For 2026, the AMT exemption is $90,100 for single and head of household filers, $140,200 for married filing jointly, and $70,100 for married filing separately. The exemption phases out at 50 cents per dollar of AMTI above $500,000 (single) or $1,000,000 (joint), so it disappears entirely at roughly $680,200 and $1,280,400 of AMTI respectively.
What are the AMT tax rates?
The AMT applies two rates. After subtracting the exemption, AMTI is taxed at 26% up to $244,500 ($122,250 for married filing separately) and at 28% above that. These flat rates replace the regular progressive brackets inside the AMT calculation, and long-term capital gains generally keep their preferential rates through Part III of Form 6251.
How do incentive stock options trigger AMT?
Exercising an ISO and holding the shares creates no regular taxable income, but the spread between the strike price and fair market value (the bargain element) is an AMT preference item added to AMTI. A large exercise can push AMTI over the phaseout threshold and generate AMT on gains you have not sold.
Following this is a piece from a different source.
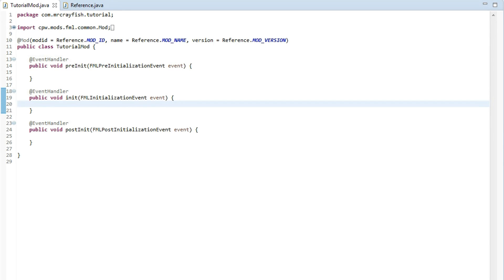Hey guys, this is Mr. Crayfish and in this video today I'm going to be teaching you guys how to set up and use the Recipe API.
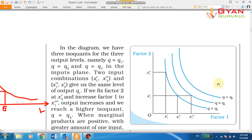Two isoquants cannot cut each other, because at any particular point the output level must be equal. So you can see the isoquant line is equal to the output level. Similarly, isoquants cannot touch either axis.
AMT paid may return later as a minimum tax credit on Form 8801.
What changed for AMT under OBBBA?
The One Big Beautiful Bill Act (section 70107), enacted in July 2025, made the higher exemption amounts permanent but reset the phaseout thresholds to $500,000 (single) and $1,000,000 (joint) and doubled the phaseout rate from 25% to 50%, effective in 2026. Exemption levels are protected, but high earners lose the exemption faster than under prior law.
What form do I use to calculate the AMT?
You use IRS Form 6251, Alternative Minimum Tax, Individuals, filed with Form 1040. It computes AMTI, applies the exemption and phaseout, and sets tentative minimum tax at the 26%/28% rates. If you paid AMT because of ISOs or other timing items, Form 8801 tracks the minimum tax credit you may claim in future years.
Is the AMT the same as the regular income tax?
No. The AMT is a parallel system that disallows deductions the regular tax allows (such as SALT and the standard deduction), adds back preference items like the ISO bargain element, and applies flat 26%/28% rates against a larger base. You pay the higher of your regular tax or the tentative minimum tax, never both in full.
Reviewed by The Ledgerism Editorial Team. Last reviewed: July 2026.